Records from a collection:
++++++++++

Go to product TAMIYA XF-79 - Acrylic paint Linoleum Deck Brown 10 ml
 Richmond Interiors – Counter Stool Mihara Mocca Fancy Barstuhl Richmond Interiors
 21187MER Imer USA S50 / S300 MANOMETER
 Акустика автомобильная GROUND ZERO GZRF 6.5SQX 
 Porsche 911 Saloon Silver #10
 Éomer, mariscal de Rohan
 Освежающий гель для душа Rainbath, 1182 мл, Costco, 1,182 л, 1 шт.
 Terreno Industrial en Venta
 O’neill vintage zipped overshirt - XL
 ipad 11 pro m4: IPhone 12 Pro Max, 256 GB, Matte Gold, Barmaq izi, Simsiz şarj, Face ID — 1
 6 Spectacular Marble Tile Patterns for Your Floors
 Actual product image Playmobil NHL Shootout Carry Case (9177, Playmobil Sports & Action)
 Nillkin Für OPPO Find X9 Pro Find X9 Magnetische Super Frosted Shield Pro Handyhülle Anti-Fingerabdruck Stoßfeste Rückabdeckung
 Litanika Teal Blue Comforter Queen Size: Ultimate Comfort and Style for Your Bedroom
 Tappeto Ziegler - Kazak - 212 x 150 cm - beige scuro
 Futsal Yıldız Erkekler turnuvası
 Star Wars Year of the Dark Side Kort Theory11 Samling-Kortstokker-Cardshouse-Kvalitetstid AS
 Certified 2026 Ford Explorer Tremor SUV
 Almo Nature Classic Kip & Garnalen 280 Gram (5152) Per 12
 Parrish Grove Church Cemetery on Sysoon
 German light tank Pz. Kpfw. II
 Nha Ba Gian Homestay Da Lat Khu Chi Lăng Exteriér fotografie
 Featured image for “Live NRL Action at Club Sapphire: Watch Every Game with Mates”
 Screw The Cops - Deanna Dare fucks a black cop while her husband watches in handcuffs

++++++++++

Please copy out every line shown above, exactly.

__Exercise answer__:
Go to product TAMIYA XF-79 - Acrylic paint Linoleum Deck Brown 10 ml
 Richmond Interiors – Counter Stool Mihara Mocca Fancy Barstuhl Richmond Interiors
 21187MER Imer USA S50 / S300 MANOMETER
 Акустика автомобильная GROUND ZERO GZRF 6.5SQX 
 Porsche 911 Saloon Silver #10
 Éomer, mariscal de Rohan
 Освежающий гель для душа Rainbath, 1182 мл, Costco, 1,182 л, 1 шт.
 Terreno Industrial en Venta
 O’neill vintage zipped overshirt - XL
 ipad 11 pro m4: IPhone 12 Pro Max, 256 GB, Matte Gold, Barmaq izi, Simsiz şarj, Face ID — 1
 6 Spectacular Marble Tile Patterns for Your Floors
 Actual product image Playmobil NHL Shootout Carry Case (9177, Playmobil Sports & Action)
 Nillkin Für OPPO Find X9 Pro Find X9 Magnetische Super Frosted Shield Pro Handyhülle Anti-Fingerabdruck Stoßfeste Rückabdeckung
 Litanika Teal Blue Comforter Queen Size: Ultimate Comfort and Style for Your Bedroom
 Tappeto Ziegler - Kazak - 212 x 150 cm - beige scuro
 Futsal Yıldız Erkekler turnuvası
 Star Wars Year of the Dark Side Kort Theory11 Samling-Kortstokker-Cardshouse-Kvalitetstid AS
 Certified 2026 Ford Explorer Tremor SUV
 Almo Nature Classic Kip & Garnalen 280 Gram (5152) Per 12
 Parrish Grove Church Cemetery on Sysoon
 German light tank Pz. Kpfw. II
 Nha Ba Gian Homestay Da Lat Khu Chi Lăng Exteriér fotografie
 Featured image for “Live NRL Action at Club Sapphire: Watch Every Game with Mates”
 Screw The Cops - Deanna Dare fucks a black cop while her husband watches in handcuffs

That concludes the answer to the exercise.